From the Department of Neurology, Southern Illinois University School of Medicine, Springfield (N.I.K., F.M.S.); Department of Emergency Medicine (J.N.G.), Department of Neurology (L.H.S.), Massachusetts General Hospital, and Brigham and Women's Hospital Heart and Vascular Center (D.L.B.), Harvard Medical School, Boston; Duke Clinical Research Institute, Durham, NC (M.C., Y.X., R.A.M., E.D.P.); Department of Medicine (E.D.P.), and Department of Neurology (Y.X.), Duke University Medical Center, Durham, NC; Department of Biostatistics and Bioinformatics, Duke University, Durham, NC (R.A.M.); Department of Medicine, Stanford University School of Medicine, CA (P.A.H.); Department of Medicine, Ronald-Reagan UCLA Medical Center (G.C.F.); and Department of Clinical Neurosciences, Hotchkiss Brain Institute, Cumming School of Medicine, University of Calgary, Alberta, Canada (E.E.S.).
Stroke. 2017 Jul;48(7):1810-1817. doi: 10.1161/STROKEAHA.117.016290. Epub 2017 Jun 8.
Although the use of antiplatelet therapy (APT) is associated with the risk of intracerebral hemorrhage (ICH), there are limited data on prestroke APT and outcomes, particularly among patients on combination APT (CAPT). We hypothesized that the previous use of antiplatelet agents is associated with increased mortality in ICH.
We analyzed data of 82 576 patients with ICH who were not on oral anticoagulant therapy from 1574 Get with the Guidelines-Stroke hospitals between October 2012 and March 2016. Patients were categorized as not on APT, on single-APT (SAPT), and CAPT before hospital presentation with ICH. We described baseline characteristics, comorbidities, hospital characteristics and outcomes, overall and stratified by APT use.
Before the diagnosis of ICH, 65.8% patients were not on APT, 29.5% patients were on SAPT, and 4.8% patients were on CAPT. There was an overall modest increased in-hospital mortality in the APT group versus no APT group (24% versus 23%; adjusted odds ratio, 1.05; 95% confidence interval, 1.01-1.10). Although patients on SAPT and CAPT were older and had higher risk profiles in terms of comorbidities, there was no significant difference in the in-hospital mortality among patients on SAPT versus those not on any APT (23% versus 23%; adjusted odds ratio, 1.01; 95% confidence interval, 0.97-1.05).

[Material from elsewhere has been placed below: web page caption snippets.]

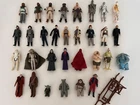 Vintage Kenner Star Wars Figure Lot 31 Loose Original ROTJ ESB No Accessories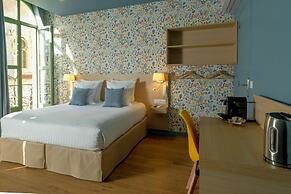 Hotel Du Centre, un hotel AMMI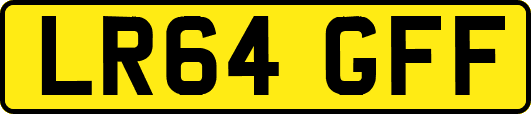 LR64GFF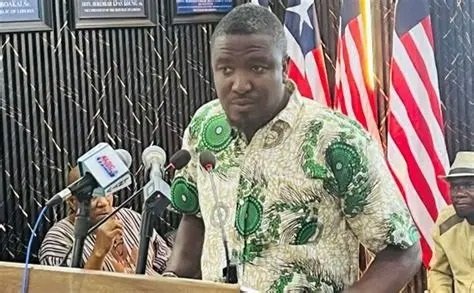 MPC’S FREEMAN WILL NEVER WIN THE PRESIDENCY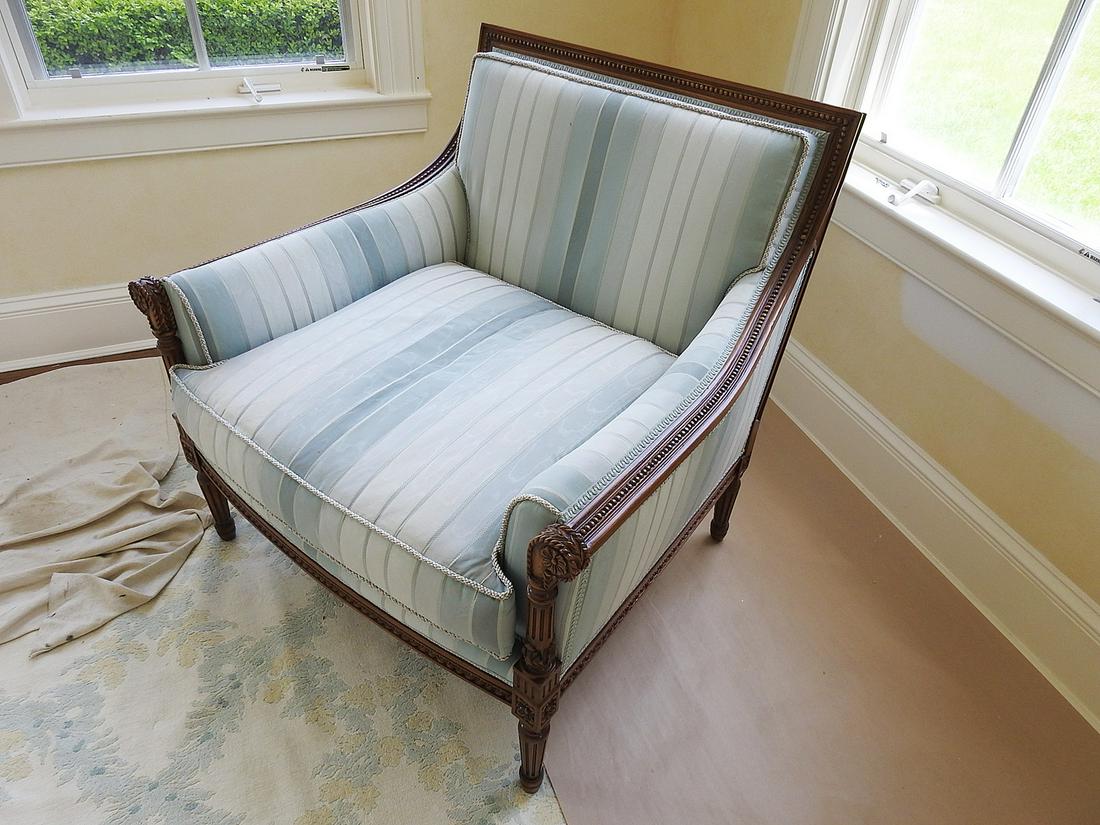 NANCY CORZINE ARM CHAIR (1 of 5)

However, in-hospital mortality was higher among those on CAPT versus those not on APT (30% versus 23%; adjusted odds ratio, 1.50; 95% confidence interval, 1.39-1.63).
Our study suggests that among patients with ICH, previous use of CAPT, but not SAPT, was associated with higher risk for in-hospital mortality.

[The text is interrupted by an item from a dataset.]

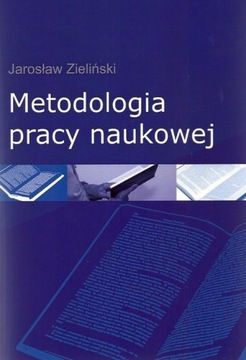 Metodologia pracy naukowej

尽管抗血小板治疗(APT)的使用与颅内出血(ICH)的风险相关,但关于缺血性卒中前 APT 及结果的数据有限,尤其是在联合 APT(CAPT)患者中。我们假设,抗血小板药物的既往使用与 ICH 患者的死亡率增加相关。
我们分析了 2012 年 10 月至 2016 年 3 月期间来自 1574 个 Get with the Guidelines-Stroke 医院的 82576 例未接受口服抗凝治疗的 ICH 患者的数据。患者分为 ICH 入院前未使用 APT、使用单种 APT(SAPT)和 CAPT。我们描述了基线特征、合并症、医院特征和结局,总体上以及按 APT 使用情况进行分层。
在 ICH 诊断之前,65.8%的患者未使用 APT,29.5%的患者使用 SAPT,4.8%的患者使用 CAPT。APT 组与未使用 APT 组的住院死亡率总体上略有增加(24%比 23%;调整后的优势比,1.05;95%置信区间,1.01-1.10)。尽管 SAPT 和 CAPT 组的患者年龄较大且合并症风险较高,但 SAPT 组与未使用任何 APT 组的住院死亡率无显著差异(23%比 23%;调整后的优势比,1.01;95%置信区间,0.97-1.05)。然而,与未使用 APT 的患者相比,使用 CAPT 的患者住院死亡率更高(30%比 23%;调整后的优势比,1.50;95%置信区间,1.39-1.63)。
我们的研究表明,在 ICH 患者中,既往使用 CAPT,而不是 SAPT,与住院死亡率升高相关。